*** Input material Section Begins ***

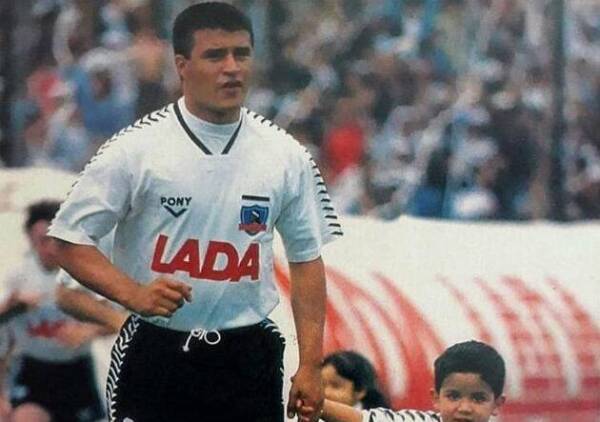 Borghi_jugador_ColoColo_1992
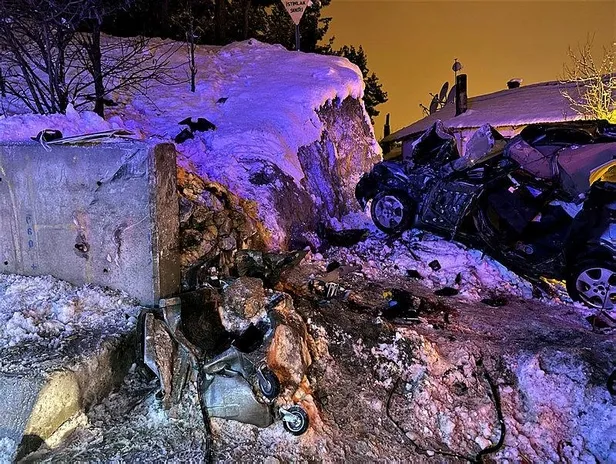 burdurda-iistinat-duvarina-carparak-hurdaya-donen-otomobilde-4-genc-hayatini-kaybetti-1646446317114.jpeg Burdur'da istinat duvarına çarparak hurdaya dönen otomobilde 4 genç hayatını kaybetti-2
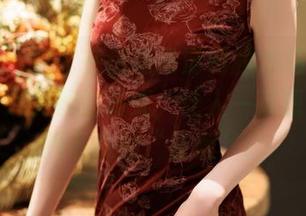 秀人网 – 娜比在这组高清制服作品中，就像是一道无解的算式，让人一直想去摸索接下来的“答案”。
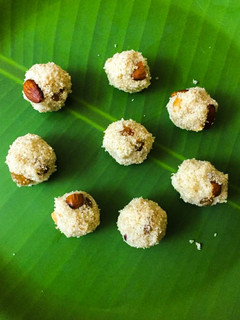 ட்ரை ப்ரூட் ரவா லட்டு செய்முறை முக்கிய புகைப்படம்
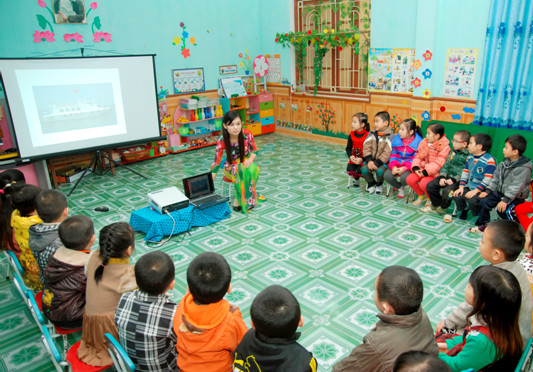 Huyện Chiêm Hóa, tỉnh Tuyên Quang: Đưa Nghị quyết 36-NQ/TU của Ban Thường vụ Tỉnh ủy về Phổ cập Giáo dục Mầm non cho trẻ 5 tuổi vào cuộc sống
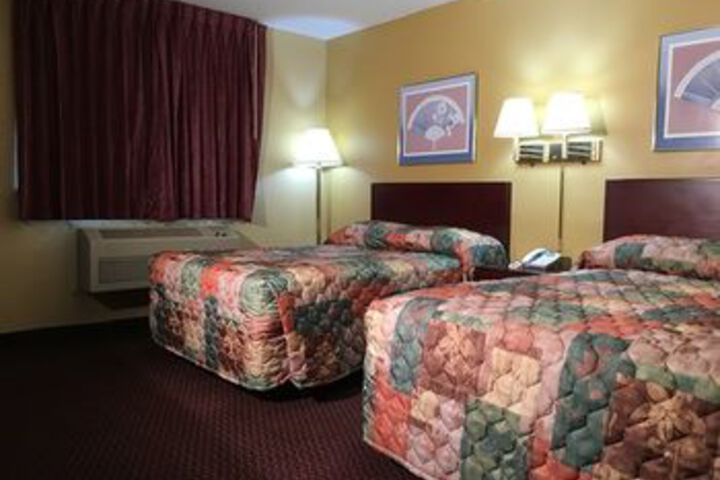 Room 10 of 24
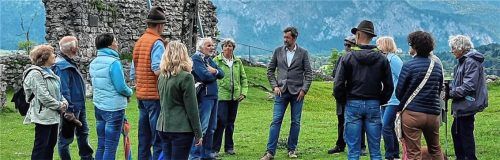 Auf geschichtlichen Spuren unterwegs: Oberaudorfs Bürgermeister Dr. Matthias Bernhardt (Mitte) und Michael Steigenberger (links daneben), stellvertretender Vorsitzender des Historischen Vereins, führen eine große Gruppe geschichtsinteressierter Wanderer über den neuen Geschichtsweg zur Burgruine Auerburg.Foto Steigenberger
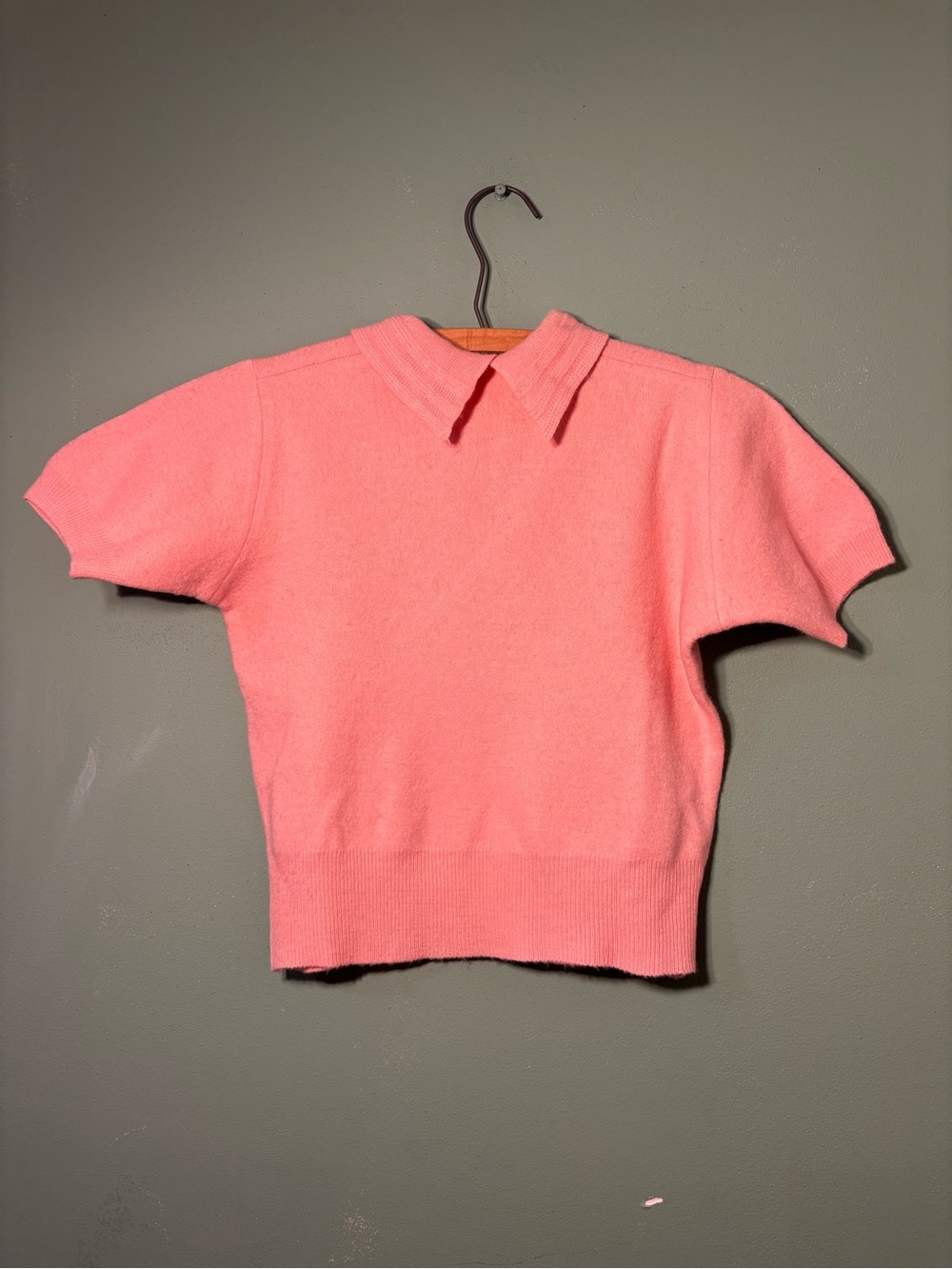 Vintage 1960’s Pink Women’s Short-Sleeve Knit Sweater - Picture 4 of 5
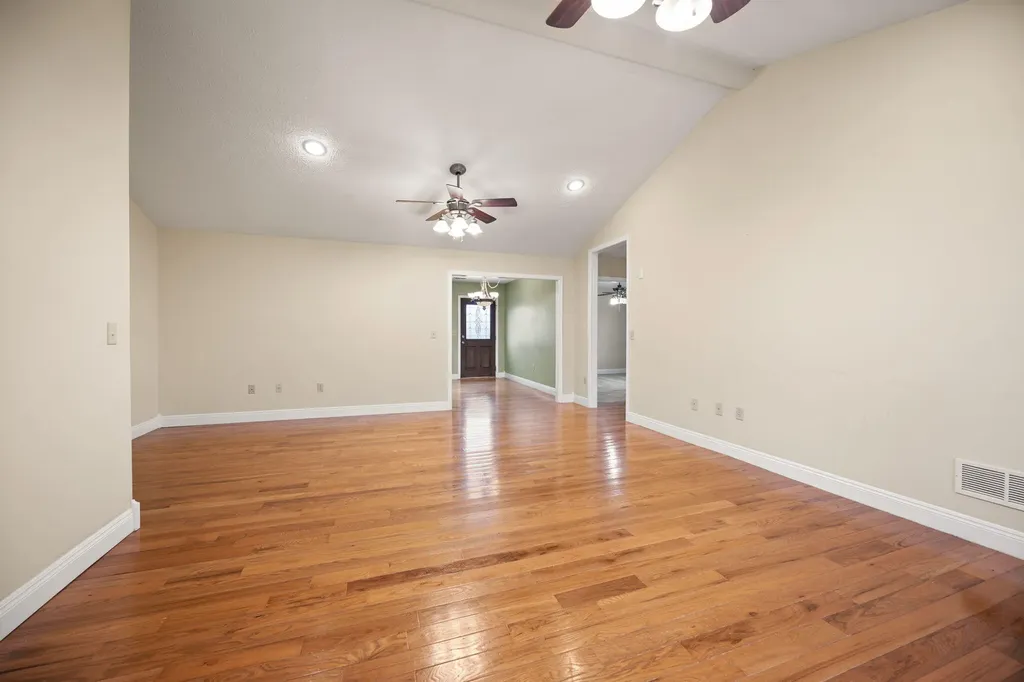 1459 Kit Cowan Road Somerset KY 42501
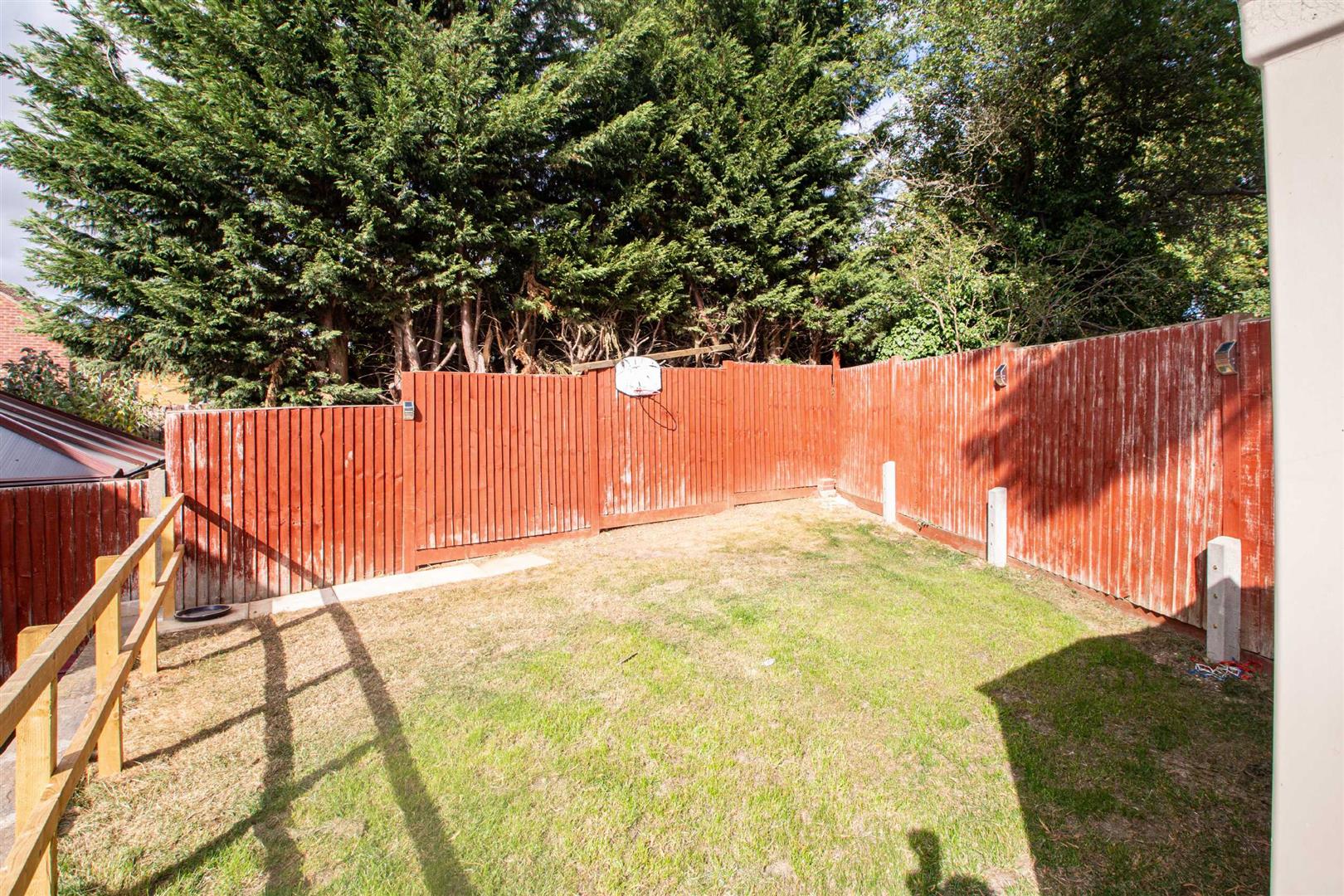 Lowndes Grove, Shenley Church End, Milton Keynes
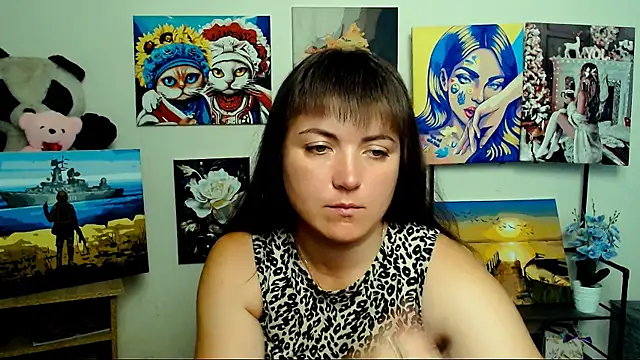 Snapshot of Darina_M_ chatting on 7, 7, 2026 Darina M online show from 7, 7, 2026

*** Input material Section Ends ***

## Work order
Leave out the images and transcribe all the records exactly.

## Response area
 Borghi_jugador_ColoColo_1992
 burdurda-iistinat-duvarina-carparak-hurdaya-donen-otomobilde-4-genc-hayatini-kaybetti-1646446317114.jpeg Burdur'da istinat duvarına çarparak hurdaya dönen otomobilde 4 genç hayatını kaybetti-2
 秀人网 – 娜比在这组高清制服作品中，就像是一道无解的算式，让人一直想去摸索接下来的“答案”。
 ட்ரை ப்ரூட் ரவா லட்டு செய்முறை முக்கிய புகைப்படம்
 Huyện Chiêm Hóa, tỉnh Tuyên Quang: Đưa Nghị quyết 36-NQ/TU của Ban Thường vụ Tỉnh ủy về Phổ cập Giáo dục Mầm non cho trẻ 5 tuổi vào cuộc sống
 Room 10 of 24
 Auf geschichtlichen Spuren unterwegs: Oberaudorfs Bürgermeister Dr. Matthias Bernhardt (Mitte) und Michael Steigenberger (links daneben), stellvertretender Vorsitzender des Historischen Vereins, führen eine große Gruppe geschichtsinteressierter Wanderer über den neuen Geschichtsweg zur Burgruine Auerburg.Foto Steigenberger
 Vintage 1960’s Pink Women’s Short-Sleeve Knit Sweater - Picture 4 of 5
 1459 Kit Cowan Road Somerset KY 42501
 Lowndes Grove, Shenley Church End, Milton Keynes
 Snapshot of Darina_M_ chatting on 7, 7, 2026 Darina M online show from 7, 7, 2026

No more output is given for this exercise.